-- EXTRACTED DATA follows --
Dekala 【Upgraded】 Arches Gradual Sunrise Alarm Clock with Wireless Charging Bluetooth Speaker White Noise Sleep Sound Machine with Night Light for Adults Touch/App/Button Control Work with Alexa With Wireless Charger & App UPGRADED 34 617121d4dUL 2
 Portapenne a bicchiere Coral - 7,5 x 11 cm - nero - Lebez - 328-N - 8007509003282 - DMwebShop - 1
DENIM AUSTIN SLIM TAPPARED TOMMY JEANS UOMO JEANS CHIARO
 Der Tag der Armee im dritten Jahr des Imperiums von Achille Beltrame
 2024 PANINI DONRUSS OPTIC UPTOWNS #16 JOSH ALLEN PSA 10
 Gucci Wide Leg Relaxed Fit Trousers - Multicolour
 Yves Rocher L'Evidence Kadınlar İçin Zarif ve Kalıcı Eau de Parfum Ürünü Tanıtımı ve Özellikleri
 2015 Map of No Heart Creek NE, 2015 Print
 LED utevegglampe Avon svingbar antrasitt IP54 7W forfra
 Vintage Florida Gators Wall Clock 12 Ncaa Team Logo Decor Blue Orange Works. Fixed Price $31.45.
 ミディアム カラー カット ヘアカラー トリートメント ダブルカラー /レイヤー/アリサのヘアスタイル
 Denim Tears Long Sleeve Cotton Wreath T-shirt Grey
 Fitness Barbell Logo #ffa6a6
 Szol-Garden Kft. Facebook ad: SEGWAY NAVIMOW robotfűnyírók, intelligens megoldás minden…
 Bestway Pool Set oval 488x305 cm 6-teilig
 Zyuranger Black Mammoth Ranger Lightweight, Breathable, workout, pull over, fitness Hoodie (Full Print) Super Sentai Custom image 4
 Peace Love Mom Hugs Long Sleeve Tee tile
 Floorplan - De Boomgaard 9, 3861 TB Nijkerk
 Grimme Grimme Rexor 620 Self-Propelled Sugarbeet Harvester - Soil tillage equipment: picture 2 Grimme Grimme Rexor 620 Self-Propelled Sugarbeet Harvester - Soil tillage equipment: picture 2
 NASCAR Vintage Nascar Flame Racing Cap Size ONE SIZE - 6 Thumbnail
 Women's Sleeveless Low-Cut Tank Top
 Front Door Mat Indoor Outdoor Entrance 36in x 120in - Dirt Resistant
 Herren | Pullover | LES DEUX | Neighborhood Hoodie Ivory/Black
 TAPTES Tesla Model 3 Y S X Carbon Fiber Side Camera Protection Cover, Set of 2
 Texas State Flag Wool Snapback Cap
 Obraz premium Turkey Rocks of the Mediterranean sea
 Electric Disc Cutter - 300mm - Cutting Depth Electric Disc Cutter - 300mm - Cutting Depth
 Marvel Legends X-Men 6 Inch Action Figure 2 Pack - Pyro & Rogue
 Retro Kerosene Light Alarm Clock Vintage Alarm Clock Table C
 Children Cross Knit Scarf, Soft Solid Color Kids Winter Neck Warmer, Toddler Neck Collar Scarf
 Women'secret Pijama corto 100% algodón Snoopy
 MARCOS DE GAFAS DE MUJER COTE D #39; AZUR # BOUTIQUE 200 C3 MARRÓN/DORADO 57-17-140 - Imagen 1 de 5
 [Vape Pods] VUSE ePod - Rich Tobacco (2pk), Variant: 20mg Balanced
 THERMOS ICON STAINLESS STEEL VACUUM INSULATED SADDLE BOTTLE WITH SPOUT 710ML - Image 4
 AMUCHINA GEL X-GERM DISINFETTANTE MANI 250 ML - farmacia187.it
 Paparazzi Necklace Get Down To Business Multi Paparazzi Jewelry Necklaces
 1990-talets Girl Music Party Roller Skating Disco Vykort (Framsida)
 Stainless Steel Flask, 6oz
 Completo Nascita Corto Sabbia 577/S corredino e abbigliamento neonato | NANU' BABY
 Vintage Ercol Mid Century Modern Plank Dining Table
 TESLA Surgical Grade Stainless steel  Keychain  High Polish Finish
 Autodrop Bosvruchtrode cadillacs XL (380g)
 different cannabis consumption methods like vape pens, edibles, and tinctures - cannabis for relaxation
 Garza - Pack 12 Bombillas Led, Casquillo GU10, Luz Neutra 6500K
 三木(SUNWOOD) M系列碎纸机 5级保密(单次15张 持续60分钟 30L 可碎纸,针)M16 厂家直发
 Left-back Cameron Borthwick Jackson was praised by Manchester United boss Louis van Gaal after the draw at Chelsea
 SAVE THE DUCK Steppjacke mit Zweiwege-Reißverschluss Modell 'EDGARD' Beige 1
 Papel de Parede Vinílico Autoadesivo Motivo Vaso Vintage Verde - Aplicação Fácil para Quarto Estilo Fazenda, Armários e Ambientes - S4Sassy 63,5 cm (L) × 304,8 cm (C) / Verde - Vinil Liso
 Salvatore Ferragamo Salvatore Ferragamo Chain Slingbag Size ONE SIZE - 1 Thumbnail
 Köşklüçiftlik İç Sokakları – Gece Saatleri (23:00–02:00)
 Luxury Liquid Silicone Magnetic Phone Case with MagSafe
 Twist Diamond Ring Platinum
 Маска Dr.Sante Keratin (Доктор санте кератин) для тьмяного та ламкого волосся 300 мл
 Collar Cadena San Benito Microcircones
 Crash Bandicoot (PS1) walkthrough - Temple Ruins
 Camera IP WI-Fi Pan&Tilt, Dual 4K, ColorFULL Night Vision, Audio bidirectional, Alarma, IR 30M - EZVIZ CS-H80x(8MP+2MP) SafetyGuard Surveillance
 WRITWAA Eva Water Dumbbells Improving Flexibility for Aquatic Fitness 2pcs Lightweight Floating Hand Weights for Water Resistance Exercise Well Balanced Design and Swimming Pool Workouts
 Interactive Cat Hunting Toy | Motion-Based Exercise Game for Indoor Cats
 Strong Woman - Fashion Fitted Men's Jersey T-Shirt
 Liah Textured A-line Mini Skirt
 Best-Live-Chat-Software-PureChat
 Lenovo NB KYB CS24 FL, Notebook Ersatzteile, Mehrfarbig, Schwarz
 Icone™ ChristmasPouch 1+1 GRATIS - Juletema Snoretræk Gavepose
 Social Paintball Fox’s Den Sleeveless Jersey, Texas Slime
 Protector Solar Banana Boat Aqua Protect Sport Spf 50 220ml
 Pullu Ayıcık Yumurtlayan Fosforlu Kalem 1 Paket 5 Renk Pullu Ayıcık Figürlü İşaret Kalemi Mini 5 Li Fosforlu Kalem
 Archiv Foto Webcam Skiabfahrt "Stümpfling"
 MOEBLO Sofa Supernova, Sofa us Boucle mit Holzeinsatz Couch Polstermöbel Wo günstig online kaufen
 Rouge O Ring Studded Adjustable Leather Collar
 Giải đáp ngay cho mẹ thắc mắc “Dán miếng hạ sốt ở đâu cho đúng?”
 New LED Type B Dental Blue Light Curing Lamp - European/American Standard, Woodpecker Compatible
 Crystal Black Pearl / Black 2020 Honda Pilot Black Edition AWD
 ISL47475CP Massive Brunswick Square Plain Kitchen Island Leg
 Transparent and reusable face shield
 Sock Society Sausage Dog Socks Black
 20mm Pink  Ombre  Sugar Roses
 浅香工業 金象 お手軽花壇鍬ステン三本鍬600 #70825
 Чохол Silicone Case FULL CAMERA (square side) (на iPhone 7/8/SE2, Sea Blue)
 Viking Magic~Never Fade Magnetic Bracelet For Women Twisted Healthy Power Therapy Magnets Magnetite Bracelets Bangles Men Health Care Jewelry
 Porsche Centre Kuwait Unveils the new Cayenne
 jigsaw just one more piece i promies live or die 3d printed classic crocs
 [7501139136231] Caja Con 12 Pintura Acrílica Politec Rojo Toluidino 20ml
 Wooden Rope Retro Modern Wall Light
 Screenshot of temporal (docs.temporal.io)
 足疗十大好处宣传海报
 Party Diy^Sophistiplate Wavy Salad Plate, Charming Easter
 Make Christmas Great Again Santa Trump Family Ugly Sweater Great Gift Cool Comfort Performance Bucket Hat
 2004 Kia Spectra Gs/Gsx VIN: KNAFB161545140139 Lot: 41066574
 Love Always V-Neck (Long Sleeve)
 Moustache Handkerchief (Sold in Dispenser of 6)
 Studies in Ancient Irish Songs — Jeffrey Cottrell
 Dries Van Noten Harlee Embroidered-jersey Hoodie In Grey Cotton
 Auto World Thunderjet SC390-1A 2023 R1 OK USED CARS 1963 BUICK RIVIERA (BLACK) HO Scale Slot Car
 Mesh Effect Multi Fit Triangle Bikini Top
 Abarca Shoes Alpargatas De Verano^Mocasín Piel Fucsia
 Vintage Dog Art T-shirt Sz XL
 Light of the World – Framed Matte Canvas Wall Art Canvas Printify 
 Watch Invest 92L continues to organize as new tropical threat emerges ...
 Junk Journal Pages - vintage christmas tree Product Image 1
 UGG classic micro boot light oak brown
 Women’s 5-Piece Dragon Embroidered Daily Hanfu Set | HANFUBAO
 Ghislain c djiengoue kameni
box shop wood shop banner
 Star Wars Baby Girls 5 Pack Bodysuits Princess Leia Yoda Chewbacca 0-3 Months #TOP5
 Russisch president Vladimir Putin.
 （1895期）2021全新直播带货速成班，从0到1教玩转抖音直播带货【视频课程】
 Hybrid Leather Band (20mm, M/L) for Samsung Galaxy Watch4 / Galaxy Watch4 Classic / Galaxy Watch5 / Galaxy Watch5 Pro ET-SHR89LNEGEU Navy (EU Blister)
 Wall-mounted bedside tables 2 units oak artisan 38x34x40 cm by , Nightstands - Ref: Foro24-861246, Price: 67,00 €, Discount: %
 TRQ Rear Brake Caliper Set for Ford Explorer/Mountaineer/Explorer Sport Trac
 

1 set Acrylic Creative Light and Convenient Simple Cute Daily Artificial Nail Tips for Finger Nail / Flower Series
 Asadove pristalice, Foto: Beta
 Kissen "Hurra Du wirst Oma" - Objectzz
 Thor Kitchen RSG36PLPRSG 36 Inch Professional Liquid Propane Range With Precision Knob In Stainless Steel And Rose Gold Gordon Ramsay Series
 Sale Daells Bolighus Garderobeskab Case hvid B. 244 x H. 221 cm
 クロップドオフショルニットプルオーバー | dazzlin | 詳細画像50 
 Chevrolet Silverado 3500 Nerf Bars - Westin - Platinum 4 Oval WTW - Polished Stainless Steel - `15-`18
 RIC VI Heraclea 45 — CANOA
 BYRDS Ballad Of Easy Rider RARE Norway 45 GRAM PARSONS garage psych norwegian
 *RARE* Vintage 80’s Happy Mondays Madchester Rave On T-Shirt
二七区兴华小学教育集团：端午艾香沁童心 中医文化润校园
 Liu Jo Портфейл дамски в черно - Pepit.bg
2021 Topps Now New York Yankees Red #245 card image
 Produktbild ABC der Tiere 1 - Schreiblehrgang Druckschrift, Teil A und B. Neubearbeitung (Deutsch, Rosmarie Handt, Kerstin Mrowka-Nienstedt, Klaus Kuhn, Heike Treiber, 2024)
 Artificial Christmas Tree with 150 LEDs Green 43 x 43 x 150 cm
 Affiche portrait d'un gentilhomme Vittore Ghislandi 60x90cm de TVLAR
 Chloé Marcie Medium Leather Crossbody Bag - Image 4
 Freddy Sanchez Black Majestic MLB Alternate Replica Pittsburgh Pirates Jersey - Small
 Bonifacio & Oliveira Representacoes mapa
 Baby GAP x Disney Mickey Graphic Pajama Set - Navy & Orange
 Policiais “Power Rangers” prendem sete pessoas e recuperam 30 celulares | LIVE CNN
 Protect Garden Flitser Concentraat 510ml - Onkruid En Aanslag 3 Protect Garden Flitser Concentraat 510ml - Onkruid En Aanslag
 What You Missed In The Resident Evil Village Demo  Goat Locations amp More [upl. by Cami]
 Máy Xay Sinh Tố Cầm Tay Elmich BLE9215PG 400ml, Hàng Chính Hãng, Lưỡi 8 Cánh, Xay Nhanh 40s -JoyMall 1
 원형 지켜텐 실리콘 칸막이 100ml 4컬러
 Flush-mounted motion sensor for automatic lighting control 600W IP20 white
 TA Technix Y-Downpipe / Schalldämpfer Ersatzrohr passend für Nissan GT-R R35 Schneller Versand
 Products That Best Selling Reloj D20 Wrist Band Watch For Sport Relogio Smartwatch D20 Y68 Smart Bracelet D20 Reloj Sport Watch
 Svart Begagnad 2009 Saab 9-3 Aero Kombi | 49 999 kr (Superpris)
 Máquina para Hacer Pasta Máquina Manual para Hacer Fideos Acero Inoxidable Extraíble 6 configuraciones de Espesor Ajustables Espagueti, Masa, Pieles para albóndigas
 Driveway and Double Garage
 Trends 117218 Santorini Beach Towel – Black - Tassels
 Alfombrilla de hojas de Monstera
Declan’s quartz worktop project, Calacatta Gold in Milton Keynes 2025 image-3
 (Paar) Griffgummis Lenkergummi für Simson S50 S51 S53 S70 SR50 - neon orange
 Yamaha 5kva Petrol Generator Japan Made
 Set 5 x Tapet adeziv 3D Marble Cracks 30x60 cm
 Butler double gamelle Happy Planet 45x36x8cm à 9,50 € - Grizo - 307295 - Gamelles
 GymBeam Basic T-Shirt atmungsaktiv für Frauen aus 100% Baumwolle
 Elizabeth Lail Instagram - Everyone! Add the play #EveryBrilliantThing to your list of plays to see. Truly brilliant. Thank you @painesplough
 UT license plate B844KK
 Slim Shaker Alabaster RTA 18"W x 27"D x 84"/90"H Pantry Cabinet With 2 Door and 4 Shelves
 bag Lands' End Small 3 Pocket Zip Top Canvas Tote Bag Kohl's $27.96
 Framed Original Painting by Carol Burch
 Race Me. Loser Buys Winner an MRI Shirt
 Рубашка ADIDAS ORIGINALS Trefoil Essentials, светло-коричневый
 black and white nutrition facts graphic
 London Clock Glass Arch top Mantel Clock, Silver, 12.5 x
-- EXTRACTED DATA concluded --
*INSTRUCTIONS TO FOLLOW*: From the material above, set down exactly the lines starting at the one with "Der Tag der" and ending at the one with "Paparazzi Necklace Get", end lines included.

*EXERCISE RESPONSE*:
 Der Tag der Armee im dritten Jahr des Imperiums von Achille Beltrame
 2024 PANINI DONRUSS OPTIC UPTOWNS #16 JOSH ALLEN PSA 10
 Gucci Wide Leg Relaxed Fit Trousers - Multicolour
 Yves Rocher L'Evidence Kadınlar İçin Zarif ve Kalıcı Eau de Parfum Ürünü Tanıtımı ve Özellikleri
 2015 Map of No Heart Creek NE, 2015 Print
 LED utevegglampe Avon svingbar antrasitt IP54 7W forfra
 Vintage Florida Gators Wall Clock 12 Ncaa Team Logo Decor Blue Orange Works. Fixed Price $31.45.
 ミディアム カラー カット ヘアカラー トリートメント ダブルカラー /レイヤー/アリサのヘアスタイル
 Denim Tears Long Sleeve Cotton Wreath T-shirt Grey
 Fitness Barbell Logo #ffa6a6
 Szol-Garden Kft. Facebook ad: SEGWAY NAVIMOW robotfűnyírók, intelligens megoldás minden…
 Bestway Pool Set oval 488x305 cm 6-teilig
 Zyuranger Black Mammoth Ranger Lightweight, Breathable, workout, pull over, fitness Hoodie (Full Print) Super Sentai Custom image 4
 Peace Love Mom Hugs Long Sleeve Tee tile
 Floorplan - De Boomgaard 9, 3861 TB Nijkerk
 Grimme Grimme Rexor 620 Self-Propelled Sugarbeet Harvester - Soil tillage equipment: picture 2 Grimme Grimme Rexor 620 Self-Propelled Sugarbeet Harvester - Soil tillage equipment: picture 2
 NASCAR Vintage Nascar Flame Racing Cap Size ONE SIZE - 6 Thumbnail
 Women's Sleeveless Low-Cut Tank Top
 Front Door Mat Indoor Outdoor Entrance 36in x 120in - Dirt Resistant
 Herren | Pullover | LES DEUX | Neighborhood Hoodie Ivory/Black
 TAPTES Tesla Model 3 Y S X Carbon Fiber Side Camera Protection Cover, Set of 2
 Texas State Flag Wool Snapback Cap
 Obraz premium Turkey Rocks of the Mediterranean sea
 Electric Disc Cutter - 300mm - Cutting Depth Electric Disc Cutter - 300mm - Cutting Depth
 Marvel Legends X-Men 6 Inch Action Figure 2 Pack - Pyro & Rogue
 Retro Kerosene Light Alarm Clock Vintage Alarm Clock Table C
 Children Cross Knit Scarf, Soft Solid Color Kids Winter Neck Warmer, Toddler Neck Collar Scarf
 Women'secret Pijama corto 100% algodón Snoopy
 MARCOS DE GAFAS DE MUJER COTE D #39; AZUR # BOUTIQUE 200 C3 MARRÓN/DORADO 57-17-140 - Imagen 1 de 5
 [Vape Pods] VUSE ePod - Rich Tobacco (2pk), Variant: 20mg Balanced
 THERMOS ICON STAINLESS STEEL VACUUM INSULATED SADDLE BOTTLE WITH SPOUT 710ML - Image 4
 AMUCHINA GEL X-GERM DISINFETTANTE MANI 250 ML - farmacia187.it
 Paparazzi Necklace Get Down To Business Multi Paparazzi Jewelry Necklaces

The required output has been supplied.